What I am basically saying is, that if you are adamant on turning a John Hughes classic into a trope-filled murder-mystery, do not do it in a way that gives away the bloody ending! I mean, come on. On behalf of Ally Sheedy (and lord knows Allison was one of my least favourite of the gang but that is not the point), I am seriously offended. Did Karen M. McManus think that none of the readers would have seen the inspiration source and not noticed the one glaring change? I mean, there is no way she could've, because The Breakfast Club is THE film of the 80's. The film was even selected for preservation by the Library of Congress, for god's sake.
Aside from that glaring issue, One of Us is Lying holds more than a few more and, if I am being honest (and believe me, I always am), I probably would have been able to ignore the Breakfast Club fuck-up if they hadn't shown up too. This book relies on the subversive power in our society of heteronormativity to make a conclusion to a plot-reveal a character coming out and no, I am not tagging that as a spoiler, because fuck you. Repeat after me, guys: sexuality shouldn't be used as a plot twist. Then, as if One of Us is Lying couldn't piss me anymore, that character is then outed against his will. This happened to one of my friends a few years ago and honestly, my stomach turns just thinking about it all this time later. It is disgusting and there is no way in hell it should have been incorporated into a book like this just to create 'drama'.
And then - THEN - just to put the fucking cherry on top of my waste of an afternoon, we have the villanisation of mental illness. Oh WOW, I've never come across THAT before... People go on and on about reducing the stigma around mental illness and yet authors, most of whom make the point of speaking out in support of it, continue to incorporate villains with mental health issues into the plot lines of their books. It is not nice nor is it fun to read a book which makes you feel as though people will think that you have ambitions to be a school shooter, just because you have depression.

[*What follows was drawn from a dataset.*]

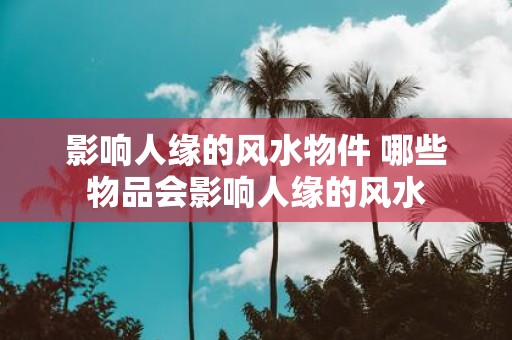 影响人缘的风水物件 哪些物品会影响人缘的风水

Nor is it fun reading reviews in which people find the book 5*-amazing-best-book-ever because they are saying that representations of mental illnesses such as these are normal and non-problematic (however much I hate that word), and that they should be accepted instead of challenged. Saying that you're against the stigma that surrounds mental illness and yet continuing to applaud books that contain this level of discrimination and villainisation is impossible - you cannot say it is wrong one minute and then legitimise it the next.
I am done. I just... I am done with this book and tomorrow it is going to the charity shop because honestly, I do not want it inside of my house. Or maybe I should just burn it, after all I do not want someone dealing with a mental illness or a part of the LGBTQ+ spectrum like me, to read this and feel like shit as well.